__Required action__: Could the data below be copied exactly, minus the pictures?

*** Material shown ***

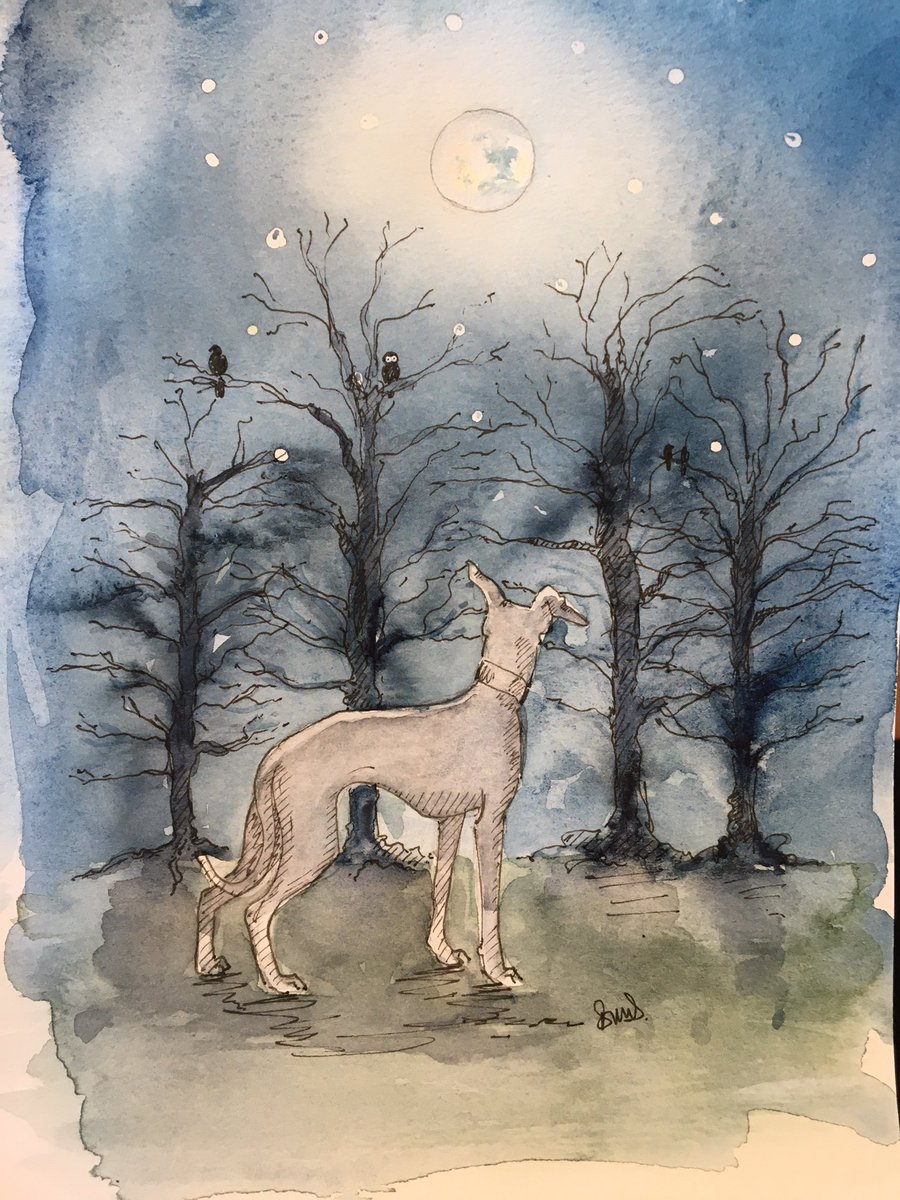 Barking at the Moon #Watercolour #sighthound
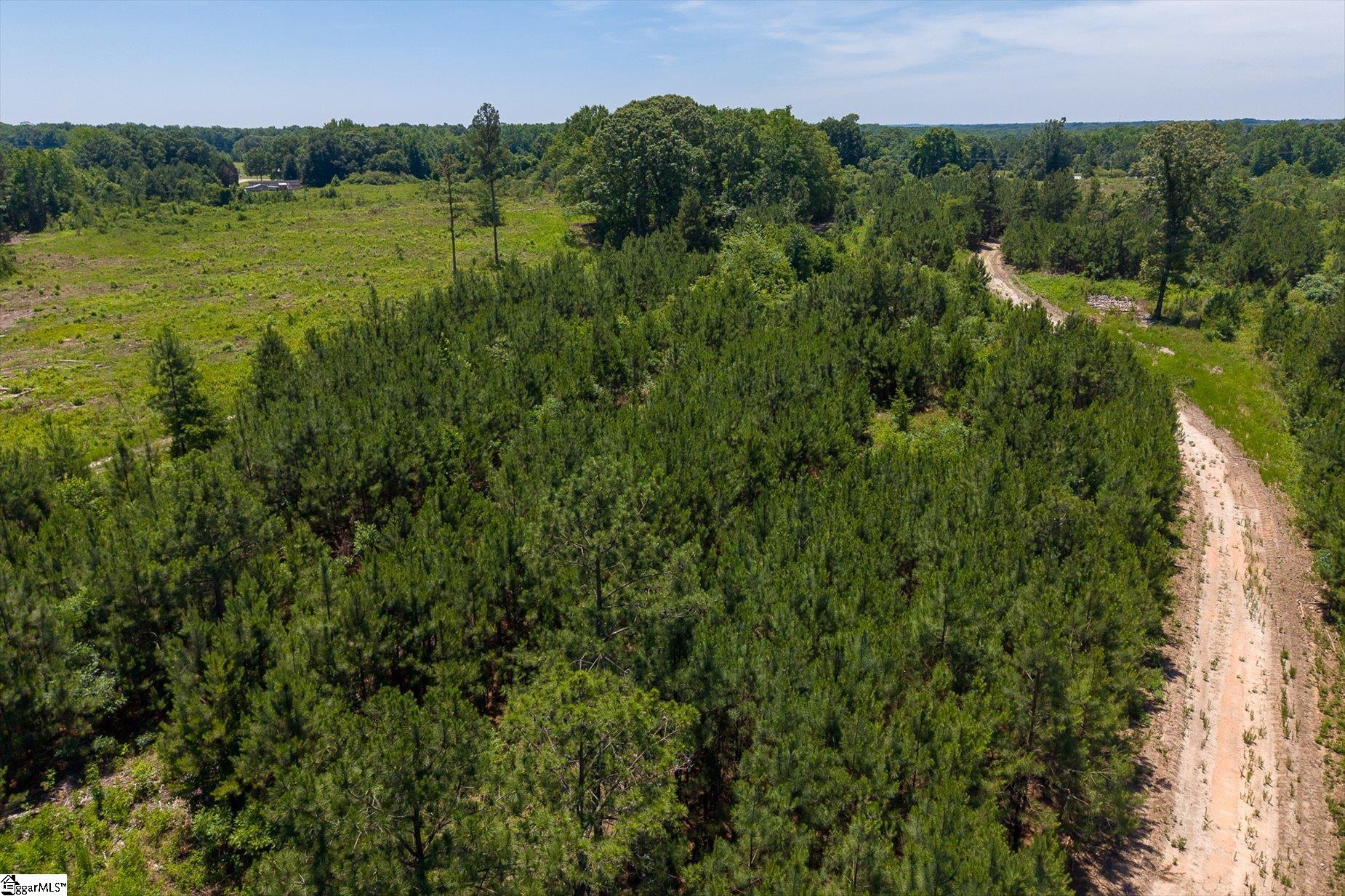 9761 Augusta Road Pelzer, SC 29669 - Photo 9 of 14
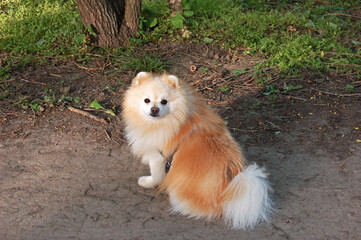 German small spitz on a walk in the forest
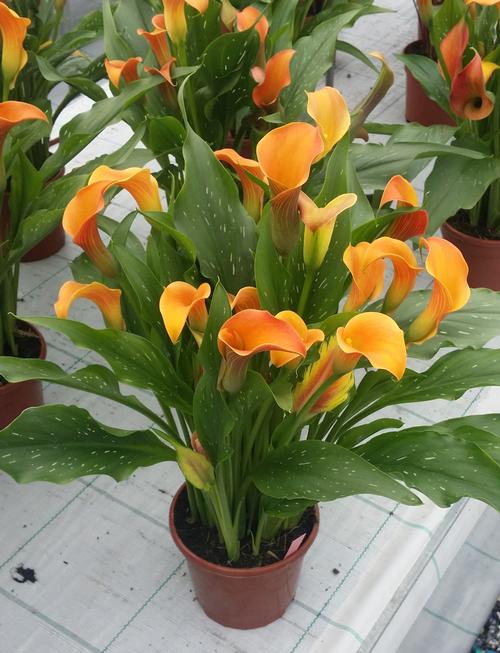 Calla 'Qatar®'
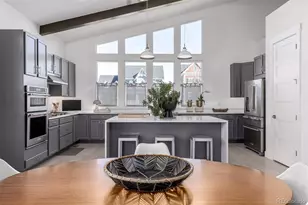 10246 E 59th Pl, Denver, CO 80238 - Photo 15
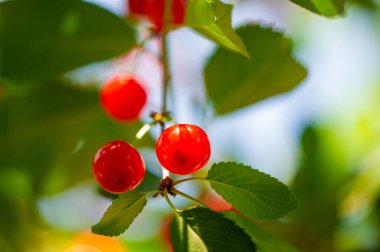 Taze kiraz harika bir vitamin ve antioksidan kaynağıdır. Sulu ve olgun kirazlar lezzetli ve sağlıklı bir atıştırmalıktır. Kirazlar herkesin sevebileceği bir vejetaryen meyvesidir..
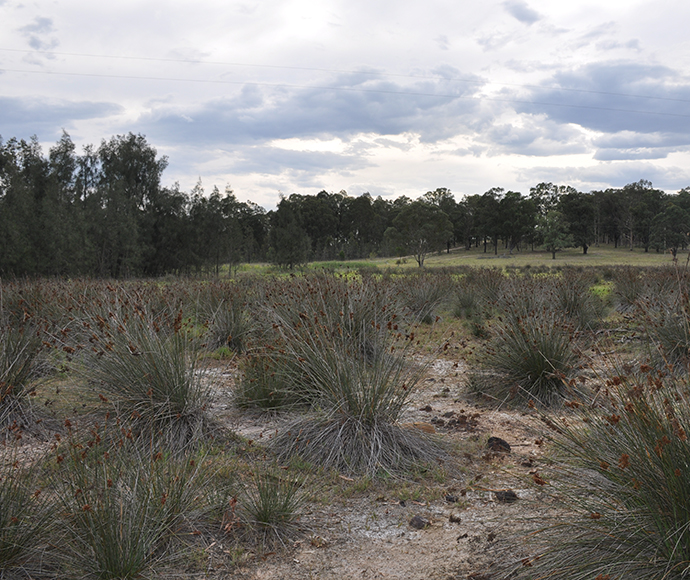 Dryland salinity north of Falbrook in the Hunter catchment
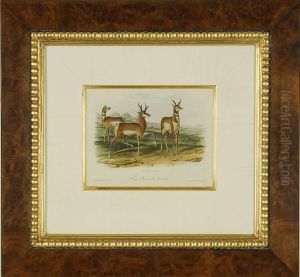Prong Horned Antelope by John James Audubon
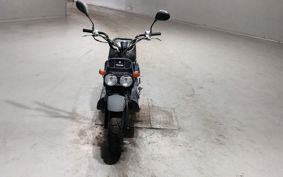 HONDA ZUMAR AF58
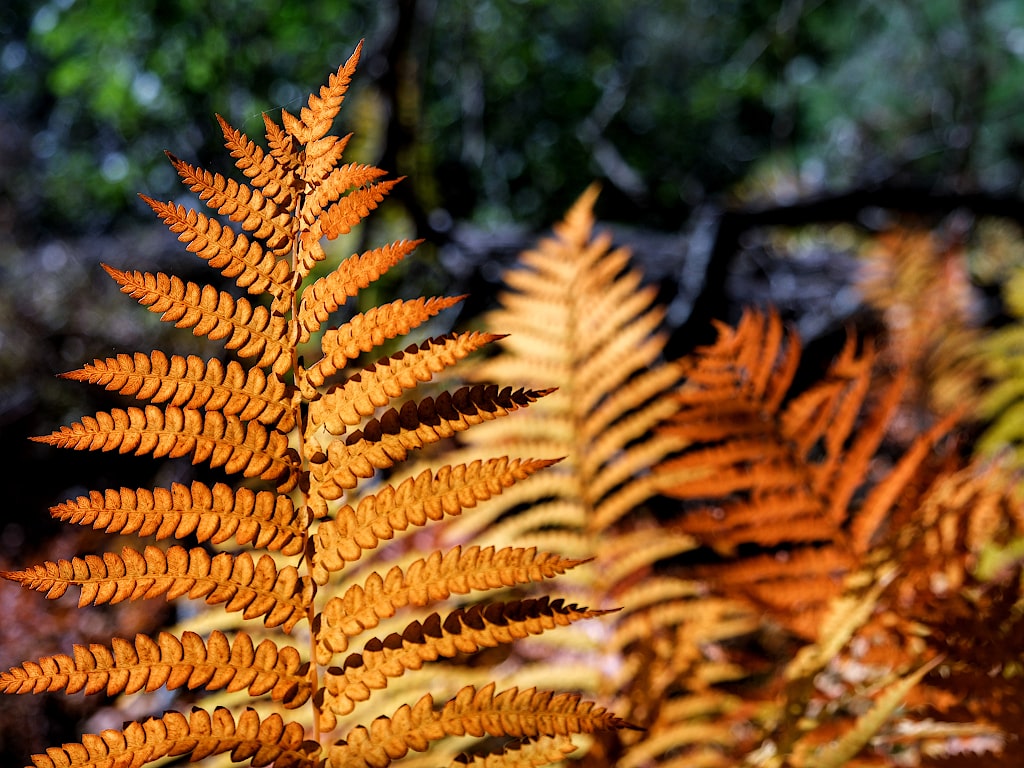 Closeup of a fern with orange-yellow colored leaves. Other yellow ferns and some green foliage are out of focus in the background.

*** End of Material shown ***

__Your solution__:
 Barking at the Moon #Watercolour #sighthound
 9761 Augusta Road Pelzer, SC 29669 - Photo 9 of 14
 German small spitz on a walk in the forest
 Calla 'Qatar®'
 10246 E 59th Pl, Denver, CO 80238 - Photo 15
 Taze kiraz harika bir vitamin ve antioksidan kaynağıdır. Sulu ve olgun kirazlar lezzetli ve sağlıklı bir atıştırmalıktır. Kirazlar herkesin sevebileceği bir vejetaryen meyvesidir..
 Dryland salinity north of Falbrook in the Hunter catchment
Prong Horned Antelope by John James Audubon
 HONDA ZUMAR AF58
 Closeup of a fern with orange-yellow colored leaves. Other yellow ferns and some green foliage are out of focus in the background.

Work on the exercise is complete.